Hi Evil HR Lady
I came across your blog and found it very informative. I was wondering if you can help answer my HR related question.
Due to a management realignment in my group (hostile take over), my new manager has less technical and mananagerial experience. She was recently hired to perform the role of an ex-collegue. She also is older (mid 40′s) and have been with my company significantly longer than I have.
I feel discrimminated because of my age (I’m 31) and am unhappy with upper management’s decision to have me report to her. She announced at our weekly group meeting that she looked through my code without having the courtesy to inform me (i.e. she was snooping around). I know we loose certain privacy rights at work but it shows her lack of respect.
My question is, when I quit, should I tell HR my main reasons for quitting? I am afraid to “speak my mind” because I want to have good future references. I am well liked in the company and a high achiviever. In my two and a half years with the company, I have received two promotions.
Your input would be greatly appreciated.
I am so torn on how to answer this question. The HR side of me (that would be the evil side) says, “tell truth at the exit interview. Lay out why you are leaving. We can’t fix the problem if we don’t know about it. We’ll keep everything you say a secret! Only report it in the aggregate.”
Yes, this is the HR answer. But, let me tell you, when I leave a job, you would think I was only leaving because wild, rabid wolves were forcibly dragging me out the door. I hated to leave. I love everything about this place! Everything, do you understand?
Why? Because I needed references and in at least one case, I knew I wanted to come back to that company. (I quit after the offspring was born with the full knowledge that I wanted to come back part time later–which I did.) But, I also know what aggregate means.
Sure, aggregate responses mean that we group everything together and (theoretically) your manager would never know what departing employee said what about her. However, unless you have an extremely flat organization, managers rarely have more than 1 or 2 people quit in a year (with 5-10 people reporting into them), so everything “aggregated” means absolutely nothing. They know it was you.
So, then HR departments are smart and they don’t share that information with the direct supervisor, it goes farther up the food chain, but too far up and your info does little good.
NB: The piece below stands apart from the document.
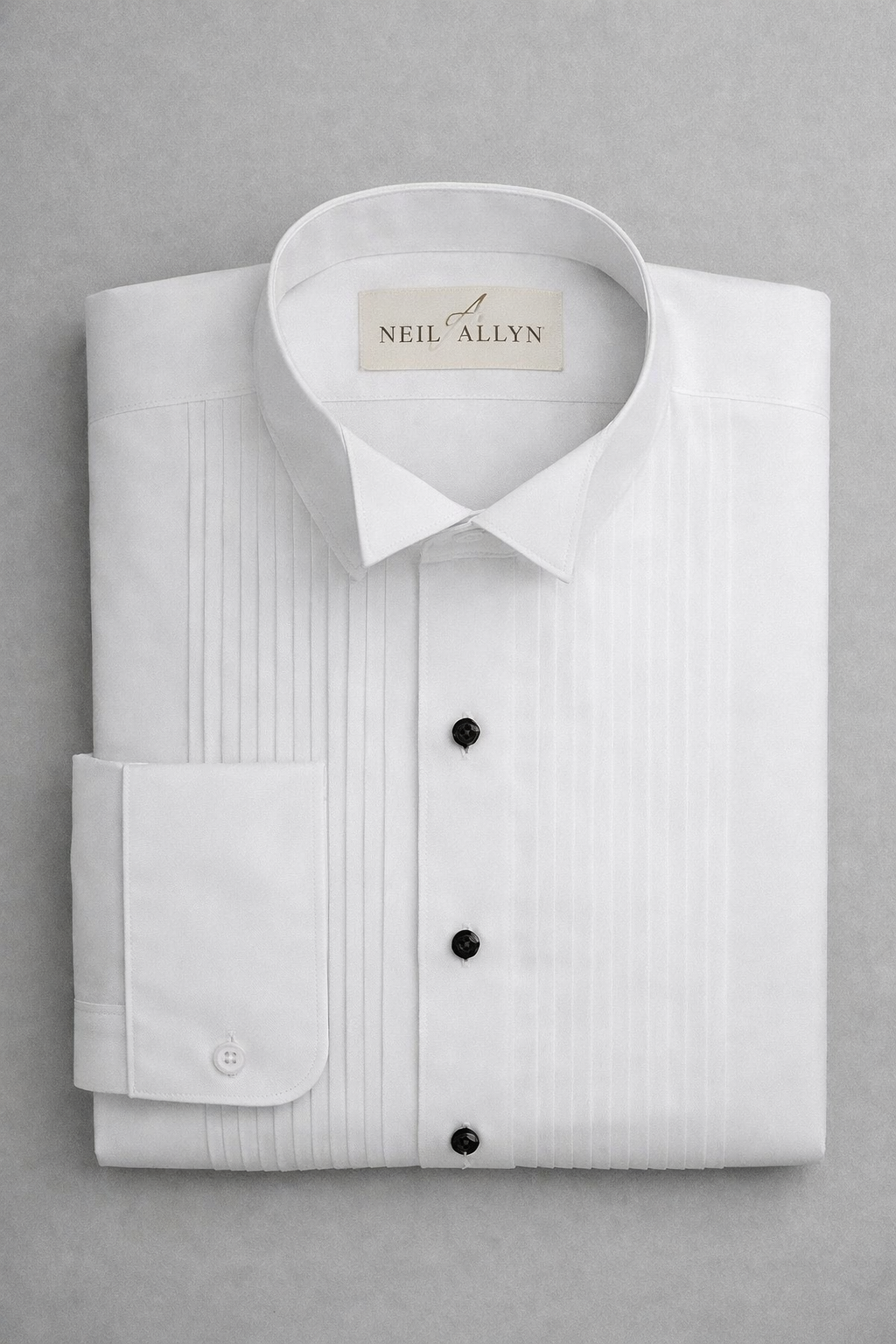Camisa blanca de cuello chino con pechera plisada, botonadura negra y puños dobles para gemelos — complemento formal para tuxedo de etiqueta — Masculino.do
It’s really a frustrating thing–I want to know what managers are doing so I can fix the problem, (ha! Like I have that power.)–yet I know that bad managers tend to take constructive criticism the wrong way.
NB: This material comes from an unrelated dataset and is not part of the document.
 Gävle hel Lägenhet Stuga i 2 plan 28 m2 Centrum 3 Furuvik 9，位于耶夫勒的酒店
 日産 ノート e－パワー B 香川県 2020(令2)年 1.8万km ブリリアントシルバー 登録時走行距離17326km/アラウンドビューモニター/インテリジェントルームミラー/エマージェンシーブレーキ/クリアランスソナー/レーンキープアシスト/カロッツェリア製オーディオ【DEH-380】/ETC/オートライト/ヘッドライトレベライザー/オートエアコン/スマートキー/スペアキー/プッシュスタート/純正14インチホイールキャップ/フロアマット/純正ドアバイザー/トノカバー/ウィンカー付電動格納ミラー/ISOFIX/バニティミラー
So, find your new job and put a big smile on your face and be quite positive about the whole thing. No need to burn bridges–at least not officially. If you have received a great deal of positive feedback and promotions you might express your concerns to a former boss. If you really don’t want to leave the company, start looking to post outside the department, but don’t complain about your current boss when you do so.
And, as a little hint, referring to a boss in her mid 40s as “older” may be true when compared to you, but 40 will creep up on you faster than you might think.